In the records below, find the line that contains "Telefonmuschel Plexiglas, 2 Stk". Retype that line and all the lines after it through the end, leaving out the pictures.

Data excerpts
^^^^^^^^^^^^^^^^
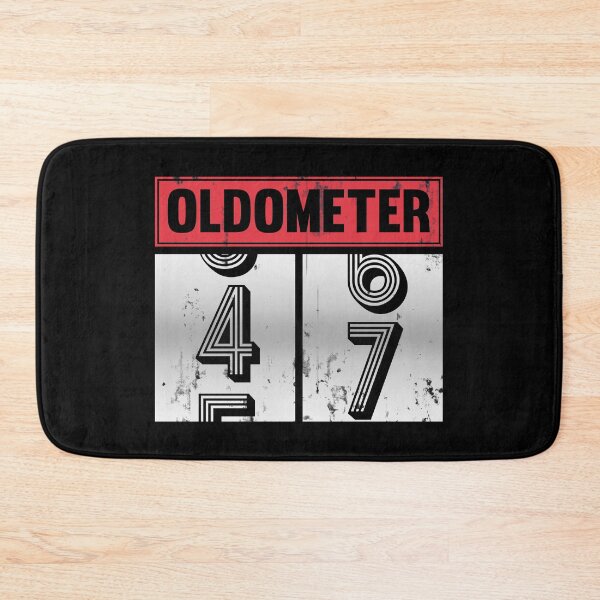 Item preview, Funny Oldometer For 47th Bday counting Years Old Birthday Gift  designed and sold by kindxinn.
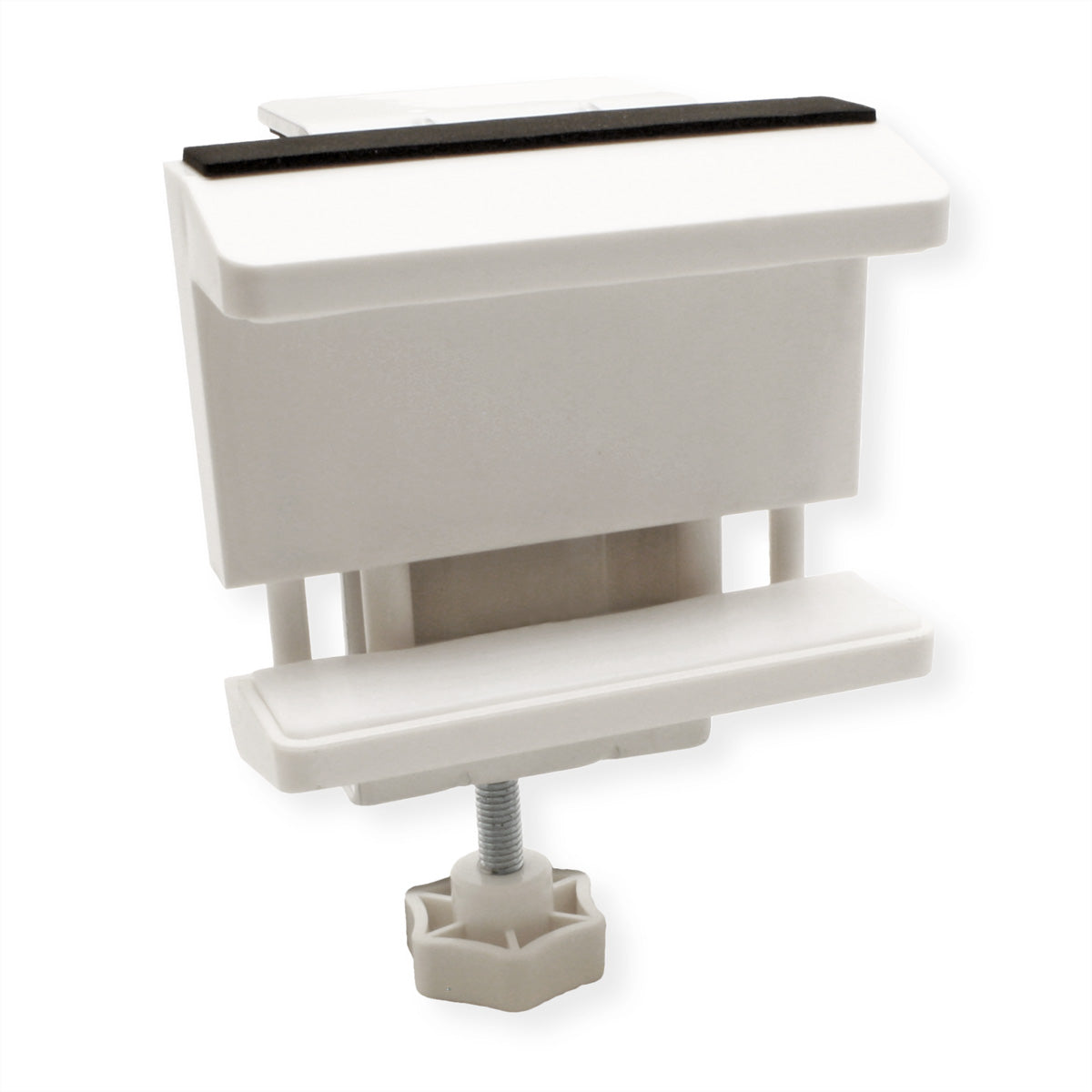 VALUE Kabel-Clip für Tisch/Bank – Klemmhalterung, Weiss, 100 × 129 × 82 mm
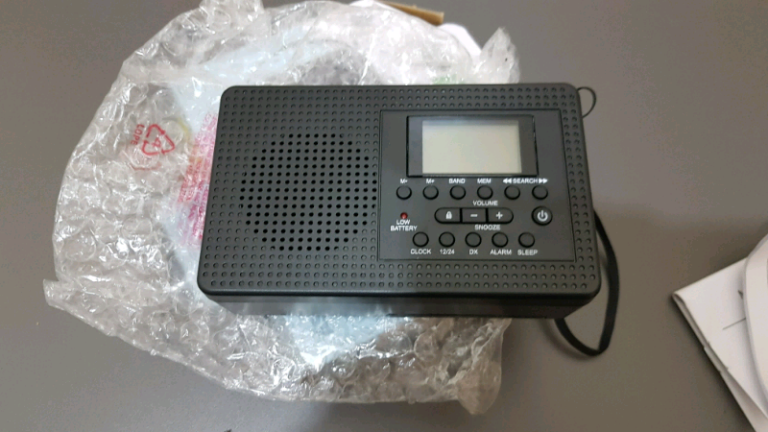 Asda Tech Digital pocket Radio FM/AM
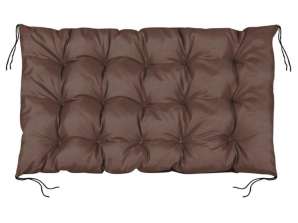 GARDEN CUSHION FOR PALLETS 120X80 CM BROWN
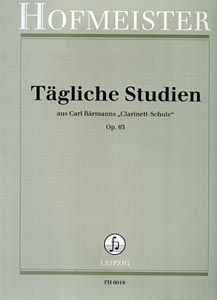 Friedrich Hofmeister Verlag - BÃ¤rmann TÃ¤gliche Studien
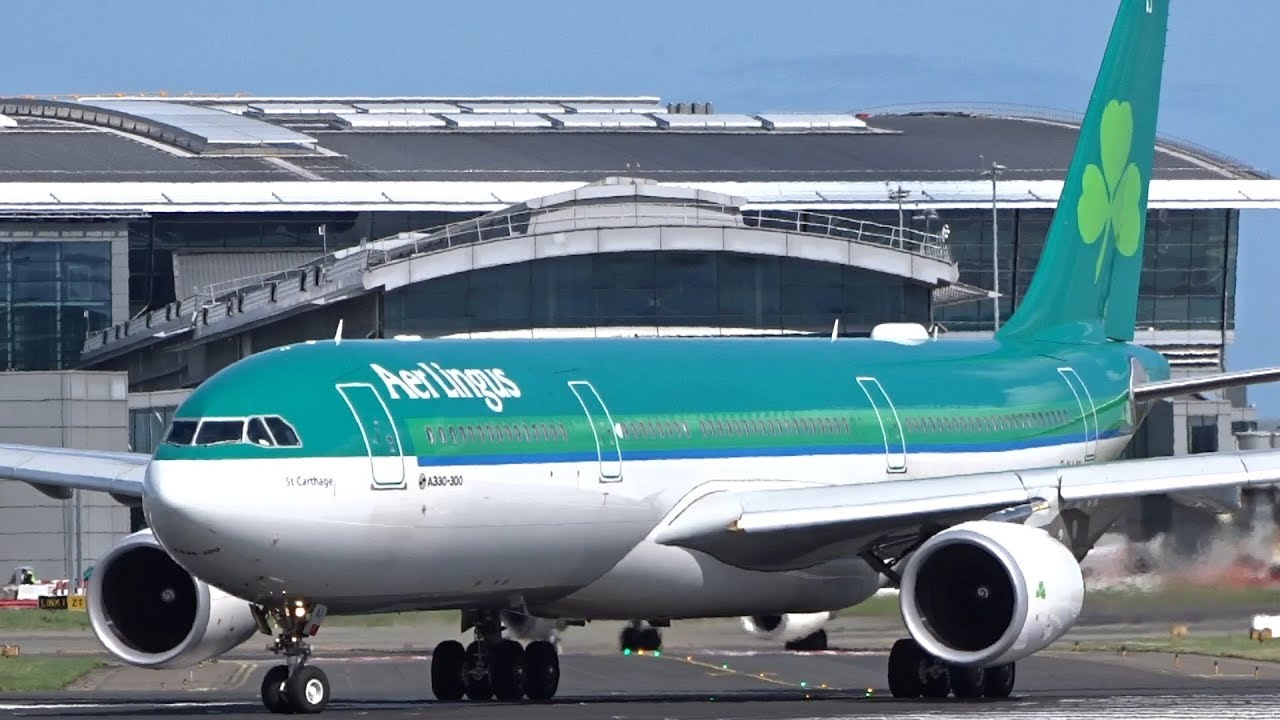 Dublin Airport HEAVIES ONLY Take Offs A350, A330, B777, B757, B767!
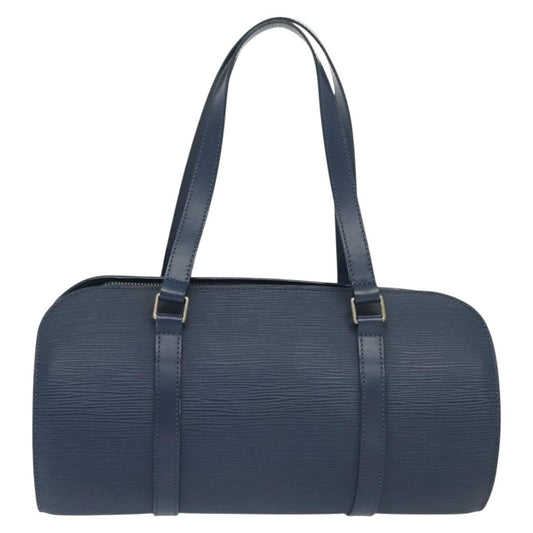 Louis Vuitton Soufflot Handbag Epi Leather, BLUE, LEATHER, Shoulder bag
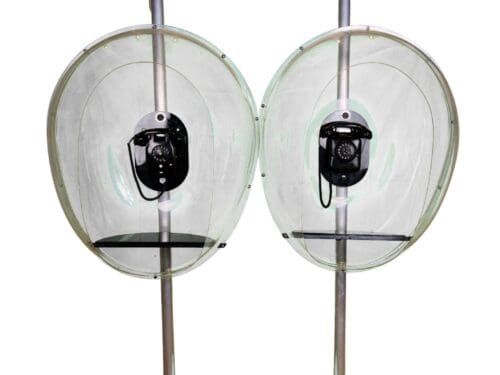Telefonmuschel Plexiglas, 2 Stk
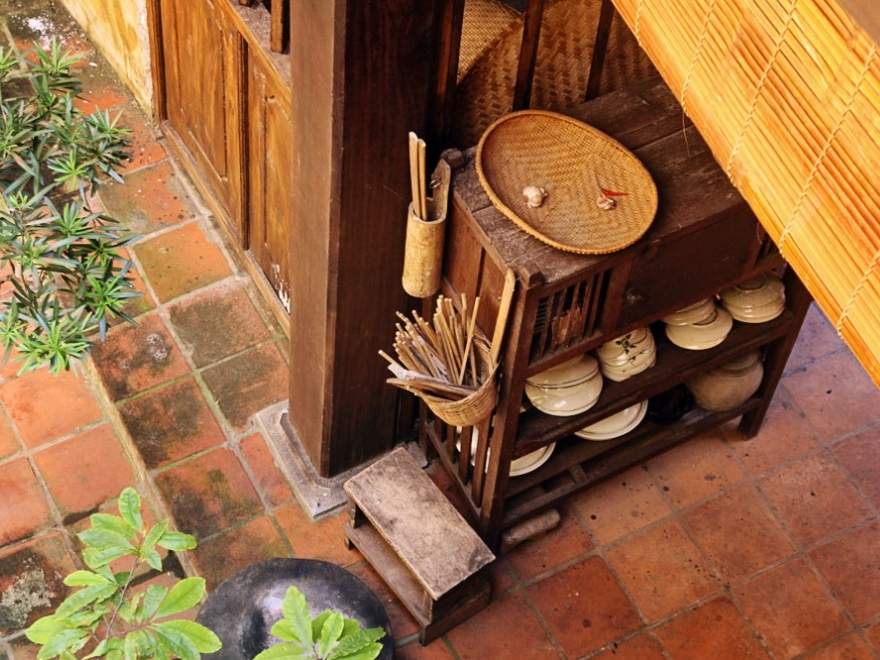 The kitchen area of the Ma May ancient house.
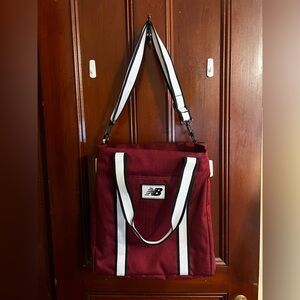 New balance athletic tote with padded laptop sleeve. Maroon. New without tags.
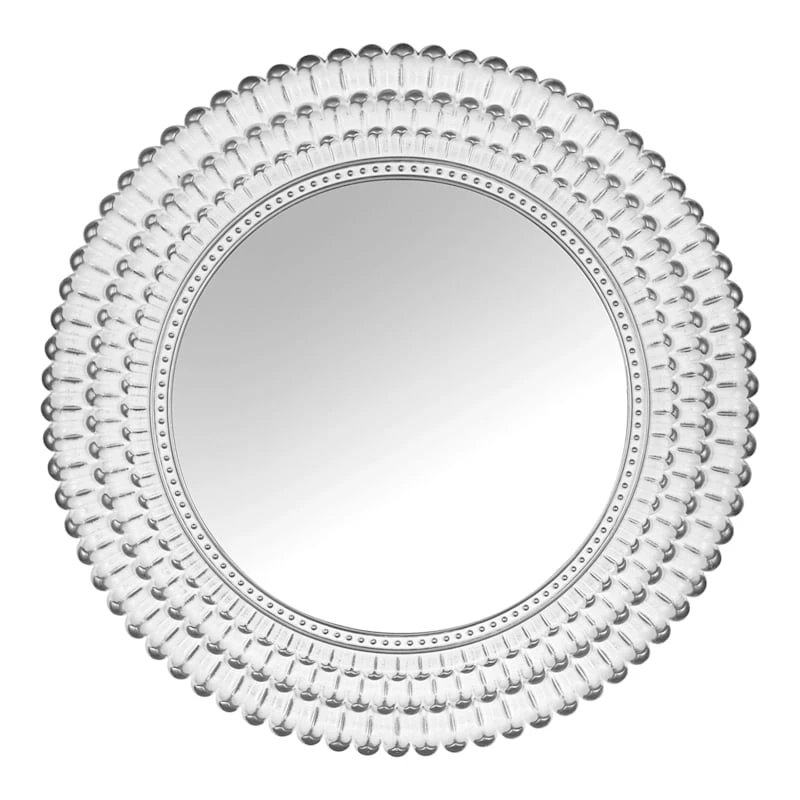 Found & Fable White & Silver Round Wall Mirror, 22" 3 Found & Fable White & Silver Round Wall Mirror, 22"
^^^^^^^^^^^^^^^^
Your response:
Telefonmuschel Plexiglas, 2 Stk
 The kitchen area of the Ma May ancient house.
 New balance athletic tote with padded laptop sleeve. Maroon. New without tags.
 Found & Fable White & Silver Round Wall Mirror, 22" 3 Found & Fable White & Silver Round Wall Mirror, 22"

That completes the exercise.